The problem is with the representation of fractions with denominators with prime factors larger than the number of "places" in the representation. Mr. Hegeman correctly states that every rational number has a finite representation in factorial base, but many numbers have representations that extend to many places.
For example, suppose the largest prime factor of the integer I is P. The factorial-base representation of 1 / I requires the use of P "places" in the fractional part of the factorial-base representation of this number. This is because all of the numbers in { 1!, 2!, 3!,. (P-I) } do not have P as a factor. So, given any rational number represented by N / D, where N and D are integers and are mutually prime, and P is the largest prime factor of D, the fractional part of the factorial-base representation of N / D has P "places." (Whew!)
Suppose we were to try to compute the number 1/101. 101 is prime, so the fractional part of the representation of 1/101 requires 101 "places." Likewise the factorial-base representation of 1000/1021 requires 1021 places just for the fractional part of the representation, which is at least 2KB for this one number in Mr. Hegeman's type of representation.
The code in Mr. Hegeman's article uses 100 "places" for each of the integral and fractional parts of a number. The numbers 1/101 and 1000/1021, therefore, are not representable exactly in Mr. Hegeman's implementation of factorial base numbers, and any attempt to compute them causes an underflow error. This is not a criticism of Mr. Hegeman's implementation, because it approximates the correct value, and the error may simply be ignored. It does, however, mean that there are many numbers that are not representable using a fixed size factorial-base representation, particularly those numbers with denominators with prime factors larger than this fixed size.
Mr. Hegeman's fixed sized factorial-base representation is very interesting, and is able to represent a significant number more rational numbers exactly than a fixed-size, fixed-base representation such as a float or double.
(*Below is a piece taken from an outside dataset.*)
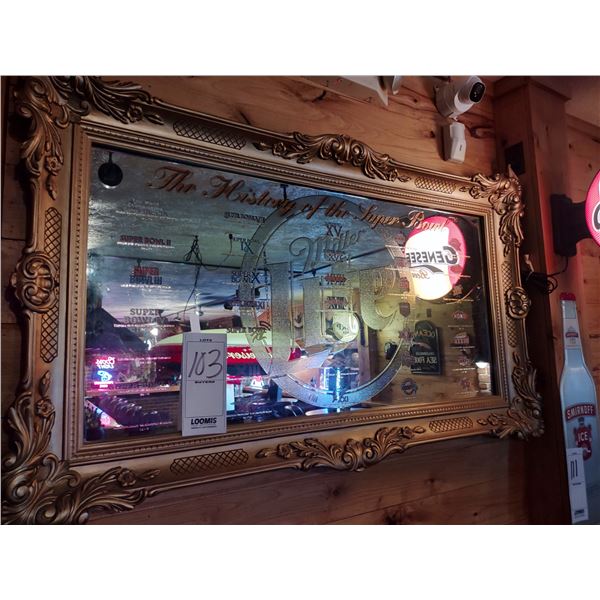 MILLER LITE HISTORY OF THE SUPERBOWL MIRROR, GLASS, WOOD FRAME 57"W X 34"H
I wonder, however, if it might not be simpler — and more exact — to implement a large integer data type using an array of ints, and then simply use this type to implement a ratio data type, as Mr. Hegeman suggests at the start of his article.
Sincerely,
David McCammond-Watts
Programmer, The Bradley Group, Inc.
Chicago, IL 60647
Mr. Hegeman responds:
Mr. McCammond-Watts is quite right that there are fractions not representable using a fixed size factorial-base representation. I mentioned a couple myself. I wish that I had been capable of framing an explanation as clear and concise as his.
However, it should be clear that fractions like 1/101 and 1000/1021 ARE exactly representable within this system. The algorithm is entirely general and perfectly extensible, as I took some pains to explain. It is true that they cannot be represented in a fraction of 100 factorial digits, but expanding to accommodate them is trivial.
He is right that at some point we reach a limit beyond which we cannot go and should be prepared for some divisor with which we cannot cope perfectly. I suggested what that limit might be.
The example of 1000/1021 is particularly interesting. First of all, Mr. McCammond-Watts is mistaken — 1021 places call for longs and that means at least 4KB! Not very efficient compared to a ratio of 2 ints. On the other hand, recall how to approximate e:

e = 1 + 1/1! + 1/2! + 1/3! + . . . + 1/99! + 1/100! . . .
Given that 1/100! is in the neighborhood of 1/10^157.97), ratios and bignums are no more accurate and grossly less efficient than directly initializing a fixed size array of 103 elements.
Approximating e in factorial base (I don't say computing) may seem like a parlor trick, but consider the more useful calculations:

e^x : 1 + x + x^2/2! + x^3/3! + x^4/4! + . . . sin x = x - x^3/3! + x^5/5! - x^7/7! + . . . cos x = 1 - x^2/2! + x^4/4! - x^6/6! + . . .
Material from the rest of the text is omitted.